The content of ice in the molecular cloud was a decisive discovery
The ices were detected and measured by studying how starlight from beyond the molecular cloud was absorbed by icy molecules at specific infrared wavelengths visible to Webb.
This process leaves behind chemical fingerprints known as absorption spectra which can be compared with laboratory data to identify which ices are present in the molecular cloud.
In this study, the team targeted ices buried in a particularly cold, dense and difficult to investigate region of the Chamaeleon I molecular cloud, a region approximately 600 light-years from Earth which is currently in the process of forming dozens of young stars.

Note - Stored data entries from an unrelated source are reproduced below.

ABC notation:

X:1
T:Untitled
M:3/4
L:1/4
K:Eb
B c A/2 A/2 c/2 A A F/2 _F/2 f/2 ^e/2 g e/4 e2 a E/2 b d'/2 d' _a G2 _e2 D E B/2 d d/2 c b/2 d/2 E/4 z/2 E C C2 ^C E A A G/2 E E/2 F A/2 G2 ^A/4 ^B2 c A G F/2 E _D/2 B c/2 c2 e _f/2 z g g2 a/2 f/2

Along with star forming comes planet forming and the perspective for the researchers in the IceAge collaboration is basically to identify the role the ice plays in gathering the molecules necessary to form life.
“This study confirms that interstellar grains of dust are catalysts for the forming of complex molecules in the very diffuse gas in these clouds, something we see in the lab as well,” Sergio Ioppolo explains, associate professor at Aarhus University, contributing with some of the experiments in the lab that were compared with the observations.
The sensitivity of JWST was an absolutely necessary precondition for the discovery
“We simply couldn’t have observed these ices without Webb,” elaborated Klaus Pontoppidan, JWST project scientist at the Space Telescope Science Institute, Baltimore, USA, who was involved in this research.
“The ices show up as dips against a continuum of background starlight. In regions that are this cold and dense, much of the light from the background star is blocked and Webb’s exquisite sensitivity was necessary to detect the starlight and therefore identify the ices in the molecular cloud.”
The IceAge team has already planned more observations with both Webb and other telescopes.
“These observations together with further laboratory studies will tell us which mixture of ices — and therefore which elements — can eventually be delivered to the surfaces of terrestrial exoplanets or incorporated into the atmospheres of giant gas or ice planets.
“Melissa McClure, astronomer at the Leiden Observatory and leader of the observation program, concludes.